When was the last time you remember the federal government introduced legislation which was given a similar priority, that addressed the safety of women and children from family violence, sexual abuse, coercive control, stalking, harassment, intimidation?
Can you remember the politicians lining up to speak about their stories of traumatised childhoods, the fate of their mothers in family violence situations, the constant living in fear and shame? No I don't either.
If you spoke to the politicians personally on both sides of the Parliament, they may disclose such stories. However, it seems taboo for this to be publicly aired.
Instead, we have a government who tried to slip through an announcement of a new Family, Domestic and Sexual Violence Commission and a new 10-year plan in January this year in the middle of the Omicron outbreak and with the community given two weeks to respond.

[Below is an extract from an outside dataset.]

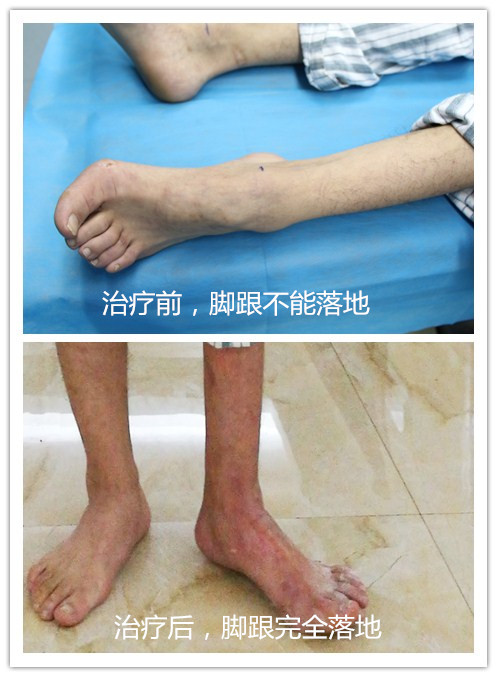 脑瘫病人康复费用,脑瘫8年康复大概需要多少钱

There was an outcry from the family, domestic and sexual violence sectors at this "pretend " consultation and was only extended when a public letter of eminent women, workers and survivors called the government to account.
The verdict from these specialist bodies and agencies; the whole document was full of grand statements and no substance and would need much more serious work to render it useful to survivors.
However, it gave the impression the government was doing something to address the epidemic of violence towards women and children in our families and communities. It is smoke and mirrors.
Pretending you care when actually you don't. Statements to placate voters, but no action or follow-through.
Women are sick of being an afterthought in government policy and priorities. Not only do we have concerns about our own personal safety, but many are also trying to keep children and elders safe.
I am reading a contribution to the On Series, On Reckoning, by Amy Remeikis, The Guardian's political reporter.
She writes as both a reporter and a woman who has experienced sexual assault and harassment through various stages of her life, as has Brittany Higgins, Grace Tame, Saxon Mullins and millions of other women and children across the planet.
She sees the events of 2021 as a "reckoning" when women decided they had had enough and that the day of accounting or judgement had arrived and they would no longer be silent or polite.
As I have been reading it, it has brought back flashes of memory from my young life as well as adult years, where a relative and various other older men had crossed the boundary of appropriate behaviour in physical contact. The relative continuing for all his life, touching and making crude comments, with none of us knowing he was doing it to us all, until one day as adults we broached the subject together.
Young, ashamed, confused and to blame! Nowhere to go for help or support, because we knew we would be not believed.
Remeikis talks about the nature of rage. "Rage is taught, the product of thousands of micro-cuts, of all those times being ignored, dismissed, being patted on the head and told to be a good girl. To hold the scream in, even as you're being told to speak up, Until one day, one moment, you can't."
For many of us 2021 was that "moment" and we will no longer suck it up, grin and bear it, smile and be polite, for that only abuses us more.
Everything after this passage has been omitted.